As the educational demands of today’s economy have increased, 86 percent of on-time high school graduates attend college within eight years after graduation, according to The New Forgotten Half and Research Directions to Support Them, a new report from the William T. Grant Foundation. At the same time, however, large numbers of individuals—especially those attending community college—fail to earn any credential at all, placing them on a career track that is no better than individuals with only a high school diploma.

“The new forgotten half, those individuals who have followed advice to go to college but have failed to attain any credential, have lower labor market payoffs than individuals who attain a credential,” the report notes. “Without systematic improvements, we suspect that these young people will continue to be deprived of good jobs and future careers, and will, perhaps, have a lower quality of life than those in similar positions in the past.”

According to the report, only 20 percent of community college students earn a bachelor’s degree within eight years after enrolling, while 33 percent earn an associate’s degree or certificate; the remaining 46 percent earn nothing. Those who earn credentials enjoy significant earnings advantages. Bachelor’s degree recipients earn 34 percent more than individuals with only a high school diploma; those with associate’s degrees earn 22 percent more; and individuals with professional certificates earn 13 percent more, the report finds.

“Students, educators, and policymakers need to see that ‘some college’ has little payoff; that baccalaureate degrees often have low odds and substantial obstacles; and that sub-baccalaureate options, such as associate’s degrees and certificates, have good payoffs and can provide a dependable path to a baccalaureate degree.”
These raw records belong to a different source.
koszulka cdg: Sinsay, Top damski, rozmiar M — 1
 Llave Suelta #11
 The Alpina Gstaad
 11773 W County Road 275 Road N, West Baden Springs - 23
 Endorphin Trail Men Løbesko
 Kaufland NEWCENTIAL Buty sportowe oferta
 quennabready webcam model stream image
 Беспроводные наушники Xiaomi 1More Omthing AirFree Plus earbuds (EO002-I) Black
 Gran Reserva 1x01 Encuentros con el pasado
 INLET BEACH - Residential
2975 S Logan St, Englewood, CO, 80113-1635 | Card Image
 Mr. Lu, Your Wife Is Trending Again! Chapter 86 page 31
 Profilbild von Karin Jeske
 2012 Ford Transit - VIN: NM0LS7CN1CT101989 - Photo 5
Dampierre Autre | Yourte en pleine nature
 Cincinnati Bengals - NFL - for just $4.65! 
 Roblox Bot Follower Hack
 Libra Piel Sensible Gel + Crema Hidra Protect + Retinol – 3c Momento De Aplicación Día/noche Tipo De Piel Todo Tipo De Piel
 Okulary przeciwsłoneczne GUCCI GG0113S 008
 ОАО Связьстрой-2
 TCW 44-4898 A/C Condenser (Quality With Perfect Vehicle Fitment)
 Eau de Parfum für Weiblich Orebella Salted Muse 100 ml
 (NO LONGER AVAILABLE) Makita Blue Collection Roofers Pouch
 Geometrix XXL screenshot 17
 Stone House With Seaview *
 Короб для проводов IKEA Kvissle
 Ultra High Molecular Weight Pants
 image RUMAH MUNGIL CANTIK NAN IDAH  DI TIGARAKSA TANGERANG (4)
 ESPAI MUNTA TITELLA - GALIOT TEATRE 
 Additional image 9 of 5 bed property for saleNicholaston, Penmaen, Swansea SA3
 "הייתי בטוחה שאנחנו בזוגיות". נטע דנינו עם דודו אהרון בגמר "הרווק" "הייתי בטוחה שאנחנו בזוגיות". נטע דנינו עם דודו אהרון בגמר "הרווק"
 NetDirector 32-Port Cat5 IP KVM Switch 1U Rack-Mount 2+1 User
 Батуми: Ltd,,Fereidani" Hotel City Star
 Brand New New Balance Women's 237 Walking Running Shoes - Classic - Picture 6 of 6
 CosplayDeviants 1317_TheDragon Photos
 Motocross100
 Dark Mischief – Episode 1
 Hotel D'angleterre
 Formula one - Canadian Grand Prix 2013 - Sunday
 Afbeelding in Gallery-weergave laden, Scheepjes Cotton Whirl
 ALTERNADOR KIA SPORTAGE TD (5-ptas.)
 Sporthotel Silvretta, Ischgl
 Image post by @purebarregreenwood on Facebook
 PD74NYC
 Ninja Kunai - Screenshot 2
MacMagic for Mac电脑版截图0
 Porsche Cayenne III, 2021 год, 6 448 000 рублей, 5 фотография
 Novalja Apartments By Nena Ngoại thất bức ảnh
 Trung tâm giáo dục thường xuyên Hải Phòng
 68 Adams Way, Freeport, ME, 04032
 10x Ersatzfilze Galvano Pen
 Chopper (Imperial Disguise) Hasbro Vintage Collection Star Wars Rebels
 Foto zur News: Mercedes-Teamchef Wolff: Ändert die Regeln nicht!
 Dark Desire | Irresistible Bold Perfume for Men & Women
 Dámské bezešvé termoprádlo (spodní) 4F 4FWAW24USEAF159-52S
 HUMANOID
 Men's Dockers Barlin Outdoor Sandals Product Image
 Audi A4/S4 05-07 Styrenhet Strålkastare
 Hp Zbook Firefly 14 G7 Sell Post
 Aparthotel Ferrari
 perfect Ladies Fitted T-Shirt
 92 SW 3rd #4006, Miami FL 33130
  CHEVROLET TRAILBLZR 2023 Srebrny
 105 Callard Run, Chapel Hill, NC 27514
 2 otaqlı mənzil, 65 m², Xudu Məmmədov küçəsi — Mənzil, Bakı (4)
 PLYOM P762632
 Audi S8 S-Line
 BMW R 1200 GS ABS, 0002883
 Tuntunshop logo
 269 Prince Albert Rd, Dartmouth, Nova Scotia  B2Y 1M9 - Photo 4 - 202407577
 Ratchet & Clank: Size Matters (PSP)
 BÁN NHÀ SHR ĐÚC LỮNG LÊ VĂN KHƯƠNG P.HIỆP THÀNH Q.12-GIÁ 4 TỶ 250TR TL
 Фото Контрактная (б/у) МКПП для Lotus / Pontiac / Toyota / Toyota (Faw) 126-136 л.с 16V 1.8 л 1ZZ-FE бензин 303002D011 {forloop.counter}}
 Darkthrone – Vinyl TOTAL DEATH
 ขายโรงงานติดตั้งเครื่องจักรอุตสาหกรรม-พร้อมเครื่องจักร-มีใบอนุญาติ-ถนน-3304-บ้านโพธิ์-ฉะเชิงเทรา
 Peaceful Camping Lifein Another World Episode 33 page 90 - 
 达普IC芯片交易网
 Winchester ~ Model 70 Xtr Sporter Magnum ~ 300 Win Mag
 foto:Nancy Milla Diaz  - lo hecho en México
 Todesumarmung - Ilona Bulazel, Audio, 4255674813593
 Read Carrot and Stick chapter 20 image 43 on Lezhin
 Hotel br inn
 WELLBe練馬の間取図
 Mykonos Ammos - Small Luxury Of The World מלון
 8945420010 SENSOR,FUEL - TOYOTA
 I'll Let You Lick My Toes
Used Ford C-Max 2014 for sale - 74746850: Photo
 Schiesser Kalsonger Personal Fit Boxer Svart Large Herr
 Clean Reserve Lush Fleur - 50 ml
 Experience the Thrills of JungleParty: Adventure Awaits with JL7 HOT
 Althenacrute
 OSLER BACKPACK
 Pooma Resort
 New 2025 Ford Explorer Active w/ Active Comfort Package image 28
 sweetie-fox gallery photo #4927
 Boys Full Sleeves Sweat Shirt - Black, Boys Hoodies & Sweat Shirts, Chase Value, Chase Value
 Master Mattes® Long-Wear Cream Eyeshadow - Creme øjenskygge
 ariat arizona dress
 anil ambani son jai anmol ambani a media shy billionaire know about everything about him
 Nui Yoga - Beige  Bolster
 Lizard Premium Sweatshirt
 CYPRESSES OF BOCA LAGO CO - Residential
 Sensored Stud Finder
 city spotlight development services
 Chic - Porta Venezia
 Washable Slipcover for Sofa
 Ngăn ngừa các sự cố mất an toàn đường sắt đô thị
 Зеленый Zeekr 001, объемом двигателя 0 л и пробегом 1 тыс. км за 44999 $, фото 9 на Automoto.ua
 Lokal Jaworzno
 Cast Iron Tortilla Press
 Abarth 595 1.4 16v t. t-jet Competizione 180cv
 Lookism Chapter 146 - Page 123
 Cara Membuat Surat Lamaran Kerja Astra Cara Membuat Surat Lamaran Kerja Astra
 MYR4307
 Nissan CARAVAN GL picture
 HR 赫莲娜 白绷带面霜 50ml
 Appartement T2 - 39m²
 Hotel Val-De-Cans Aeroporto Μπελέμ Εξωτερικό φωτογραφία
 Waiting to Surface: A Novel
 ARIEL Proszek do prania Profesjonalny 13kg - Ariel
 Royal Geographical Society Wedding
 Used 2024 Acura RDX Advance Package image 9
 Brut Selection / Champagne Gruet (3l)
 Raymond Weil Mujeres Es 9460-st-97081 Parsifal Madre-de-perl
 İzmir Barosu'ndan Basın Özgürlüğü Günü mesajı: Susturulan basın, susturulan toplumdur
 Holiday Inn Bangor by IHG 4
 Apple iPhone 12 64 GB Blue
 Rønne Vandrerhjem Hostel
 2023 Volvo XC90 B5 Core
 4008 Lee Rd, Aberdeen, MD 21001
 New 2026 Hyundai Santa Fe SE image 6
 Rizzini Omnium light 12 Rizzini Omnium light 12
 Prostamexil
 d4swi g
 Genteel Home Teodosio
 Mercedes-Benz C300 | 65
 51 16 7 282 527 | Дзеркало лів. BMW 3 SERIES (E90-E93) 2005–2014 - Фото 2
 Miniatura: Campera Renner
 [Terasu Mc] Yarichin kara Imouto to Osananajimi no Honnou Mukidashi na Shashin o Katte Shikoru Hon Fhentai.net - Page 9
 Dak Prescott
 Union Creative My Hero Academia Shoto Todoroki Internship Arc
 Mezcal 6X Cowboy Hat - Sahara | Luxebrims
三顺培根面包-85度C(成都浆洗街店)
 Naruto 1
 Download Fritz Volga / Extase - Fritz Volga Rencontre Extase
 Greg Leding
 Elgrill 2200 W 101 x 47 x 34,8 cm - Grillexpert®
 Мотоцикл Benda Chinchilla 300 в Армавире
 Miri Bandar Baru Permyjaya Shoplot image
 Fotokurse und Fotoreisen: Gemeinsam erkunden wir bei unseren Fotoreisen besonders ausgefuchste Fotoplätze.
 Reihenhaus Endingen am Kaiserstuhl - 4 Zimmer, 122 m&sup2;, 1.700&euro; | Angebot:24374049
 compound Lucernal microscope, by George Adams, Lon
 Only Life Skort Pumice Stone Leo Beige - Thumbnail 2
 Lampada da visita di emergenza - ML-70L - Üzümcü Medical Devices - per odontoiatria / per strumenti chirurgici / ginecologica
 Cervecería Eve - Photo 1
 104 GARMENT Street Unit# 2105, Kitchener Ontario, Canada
Not only do individuals with “some college” miss out on the increased earnings associated with credentials, they typically also face the additional burden of paying off debt. “Students with no credentials have no payoff [and] waste scarce time and money, incurring substantial college debt—nearly as much as students who got certificates ($15,664 v. $15,995),” the report notes.

To help individuals who enter college complete a credential, the report identifies several research needs, including information for college students on pathways to credentials and job outcomes for various credentials, alignment of high school and college standards, linkages between colleges and employers, and better practices for high school college counselors.

“Counselors are the main source of information about college for many high school students, particularly those of low-socioeconomic status, and their advice can dramatically impact student choices,” the report notes. “Research can inform that advice by giving counselors relevant information and successful procedures targeted at low-income or academically struggling youth.”